HOW TO COMPLETE THIS TASK:
Please print each entry below exactly as it stands, but without any pictures.

Start of EXERCISE DATA

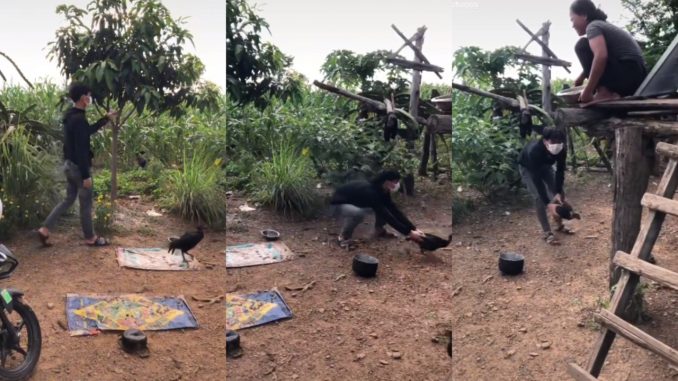 Cubaan Lelaki Ini Menangkap Ayam Bikin Berdekah, “Ayam Kena Scam…”_611b6e920b47a.jpeg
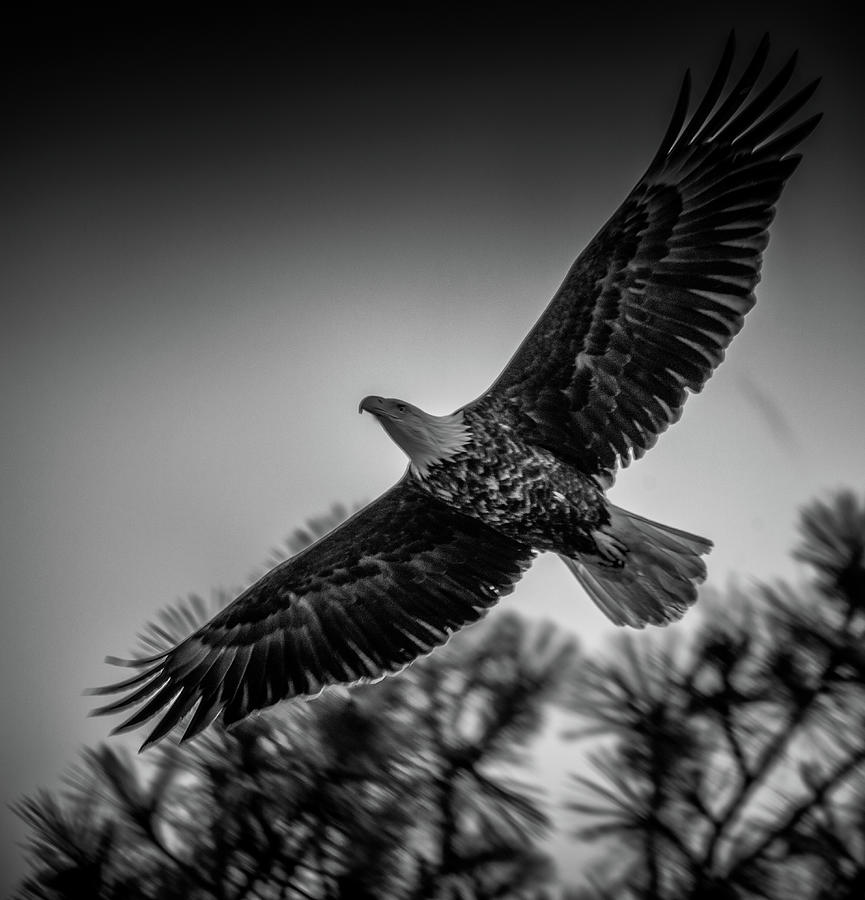 Black and White Bald Eagle in Flight Photograph by Matthew Nelson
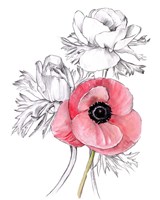 Anemone by Number I Fine Art Print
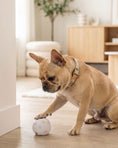 Load image into Gallery viewer, White Chewy Vuiton Trunk - Activity House

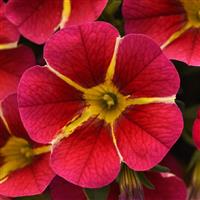 Calibrachoa, MiniFamous Neo Red Hawaii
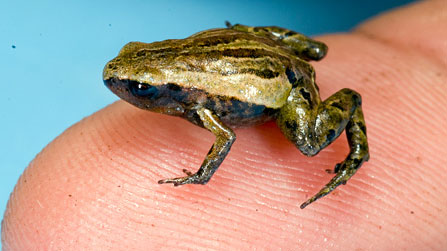 Da loài ếch nhỏ nhất thế giới có chứa chất độc hại 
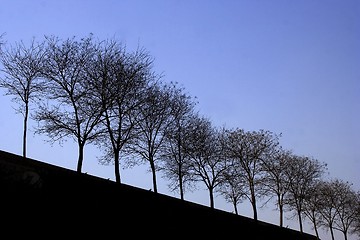 Image showing Tree Silhouette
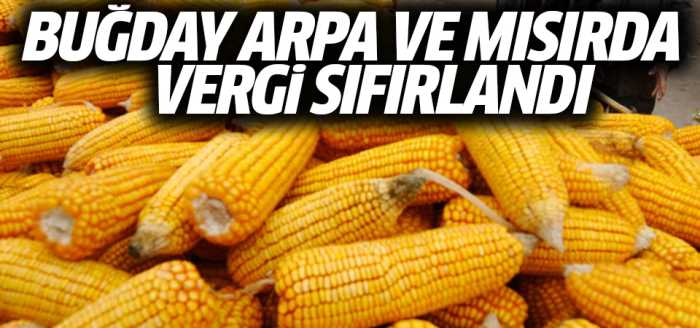 Buğday, arpa ve mısırda vergi sıfırlandı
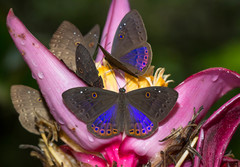 Eurybia molochina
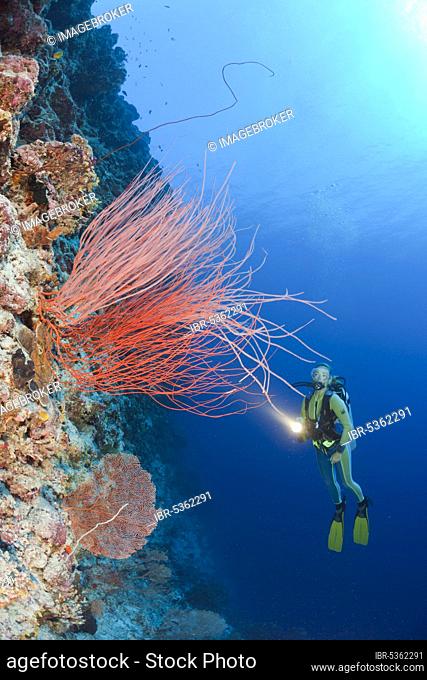 Diver and rod gorgonian, Peleliu Wall, Red whip coral (Ellisella ceratophyta), Micronesia, Oceania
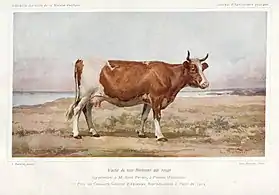 Vache primée en 1914.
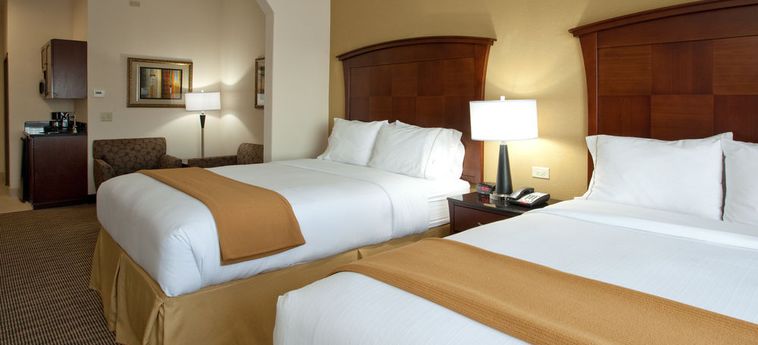 Hotel Holiday Inn Express & Suites South-Buda:  AUSTIN (TX)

End of EXERCISE DATA

FINAL ANSWER:
 Cubaan Lelaki Ini Menangkap Ayam Bikin Berdekah, “Ayam Kena Scam…”_611b6e920b47a.jpeg
 Black and White Bald Eagle in Flight Photograph by Matthew Nelson
 Anemone by Number I Fine Art Print
 Load image into Gallery viewer, White Chewy Vuiton Trunk - Activity House

 Calibrachoa, MiniFamous Neo Red Hawaii
 Da loài ếch nhỏ nhất thế giới có chứa chất độc hại 
 Image showing Tree Silhouette
 Buğday, arpa ve mısırda vergi sıfırlandı
 Eurybia molochina
 Diver and rod gorgonian, Peleliu Wall, Red whip coral (Ellisella ceratophyta), Micronesia, Oceania
 Vache primée en 1914.
 Hotel Holiday Inn Express & Suites South-Buda:  AUSTIN (TX)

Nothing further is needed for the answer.